Personal information
- Date of birth: 10 June 1984 (age 41)
- Place of birth: Nijmegen, Netherlands
- Height: 1.87 m (6 ft 1+1⁄2 in)
- Position: Defender

Senior career*
- Years: Team / Apps / (Gls)
- 2002–2008: Vitesse Arnhem / 60 / (5)
- 2008: Feyenoord / 0 / (0)
- 2008: → De Graafschap (loan) / 5 / (0)
- 2008–2009: Cambuur / 36 / (2)
- 2009–2011: Groningen / 2 / (0)
- 2010: → Go Ahead Eagles (loan) / 8 / (0)
- 2010–2011: → Veendam (loan) / 33 / (2)
- 2011–2012: Go Ahead Eagles / 13 / (0)
- 2012–2013: Spakenburg / 10 / (0)
- Total:  / 167 / (9)

= Michael Jansen =

Dutch footballer

Michael Jansen (born 10 June 1984) is a Dutch former footballer who played as a defender.

==Club career==

===Vitesse and cardiac arrhythmias===
Born in Nijmegen, Jansen is a defender and made his debut in professional football with Vitesse Arnhem in the 2002–03 season. He was considered a big talent and his development was reportedly closely watched by Ajax Amsterdam among others. On 15 May 2005, in a match against Ajax, Jansen lost consciousness after suffering cardiac arrhythmia. He recovered but has to live with an ICD under his skin. He would not play any match for Vitesse after regaining fitness, but was still considered a squad member.

===Life after Vitesse===
In January 2008, Vitesse and Jansen parted ways, and on 18 January 2008, Jansen signed a six-month contract with Feyenoord, with an option for another three years. He joined fellow Eredivisie side De Graafschap on loan, to get used to professional football again.
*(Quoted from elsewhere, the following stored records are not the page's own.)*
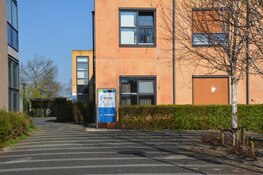 Geslaagde Paasverrassing voor bewoners Zuyder Waert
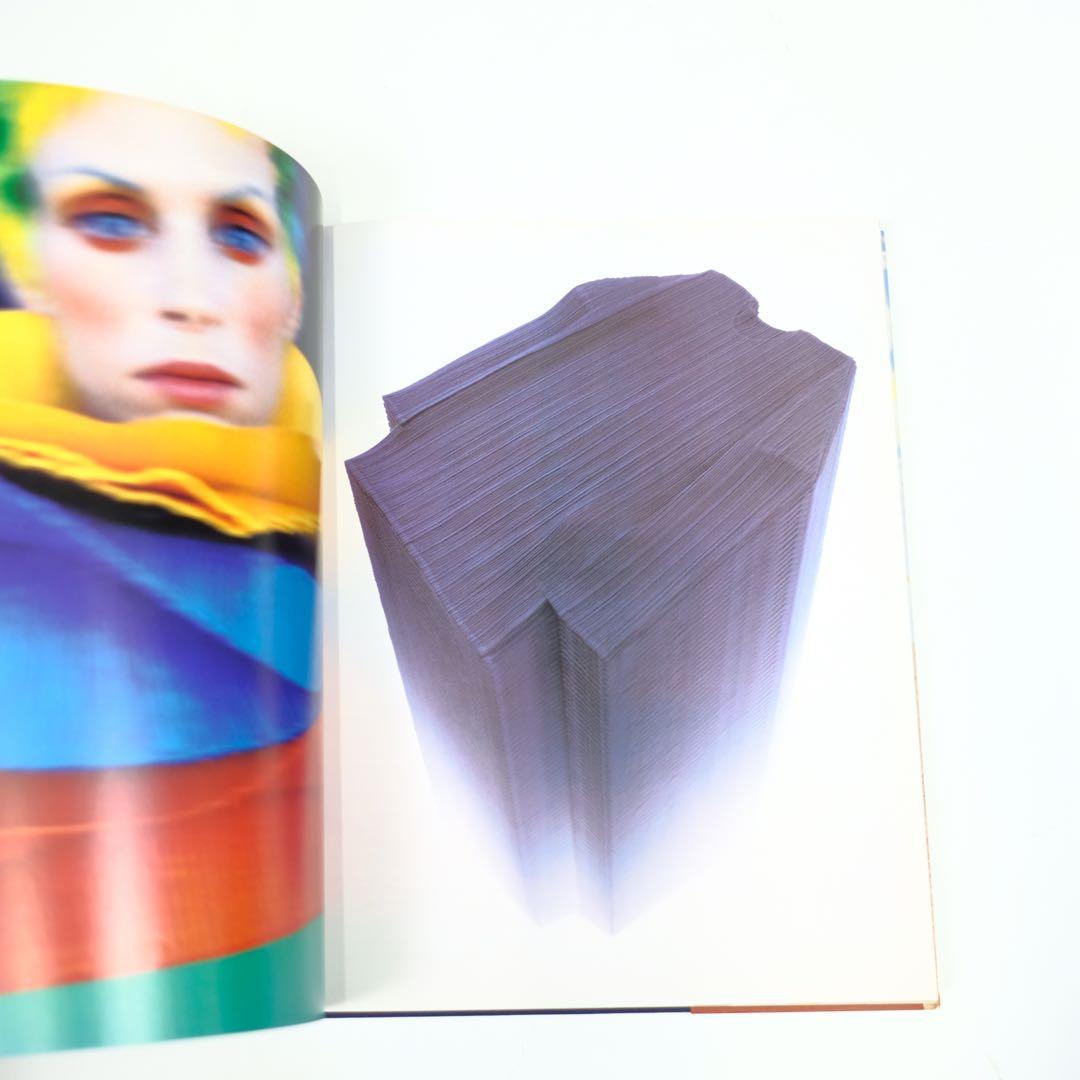 ISSEY MIYAKE Mark Holborn TASCHEN 三宅一生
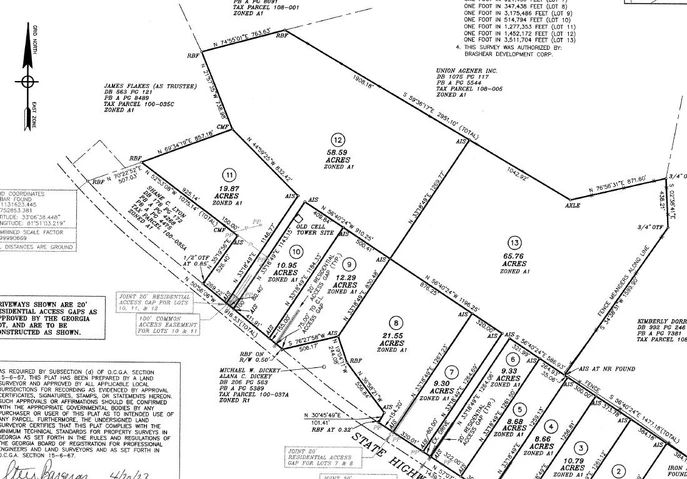 Main Listing Image
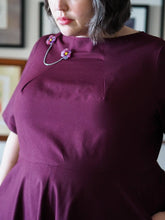 Load image into Gallery viewer, Tulip Dress by The Assembly Line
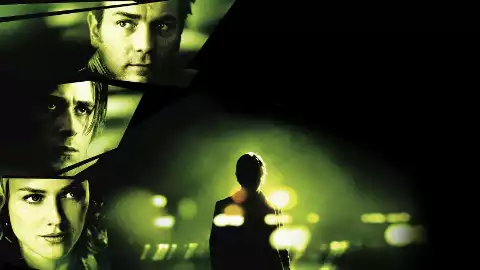 Zostań (2005) - Film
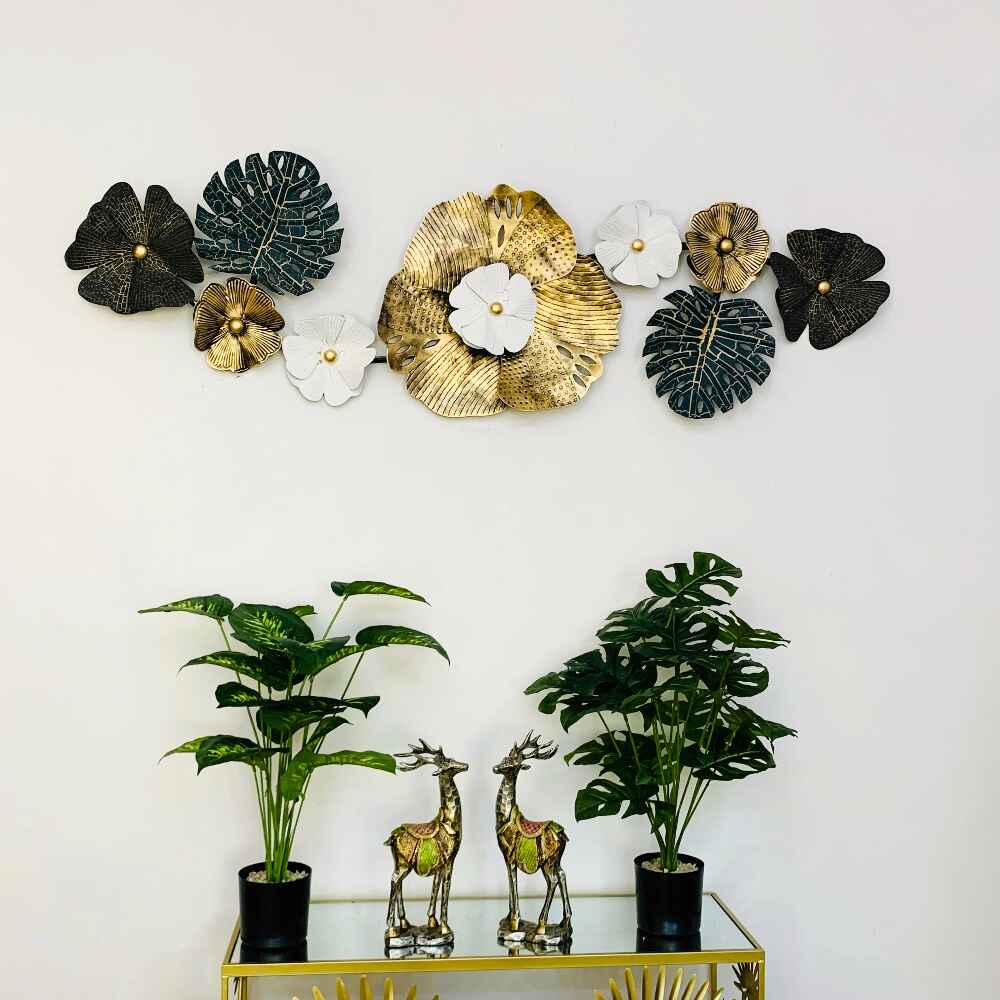 Botanical Floral Design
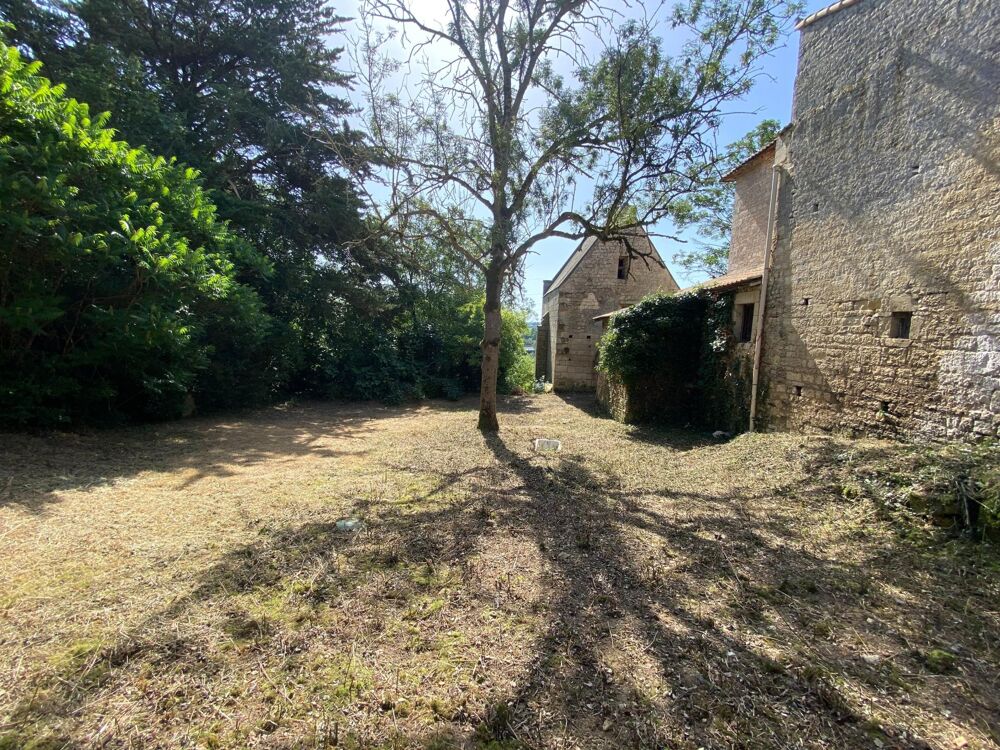 MAISON AVEC TRAVAUX 204M2 6CH DEPENDANCES, CAVES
In summer 2008, Jansen signed for Jupiler League SC Cambuur-Leeuwarden. After one year, FC Groningen noticed that Jansen played well enough to return to the Eredivisie. In January 2010 he moved to Go Ahead Eagles on loan to get more playing time since he had not been able to earn himself a place in Groningen's starting 11.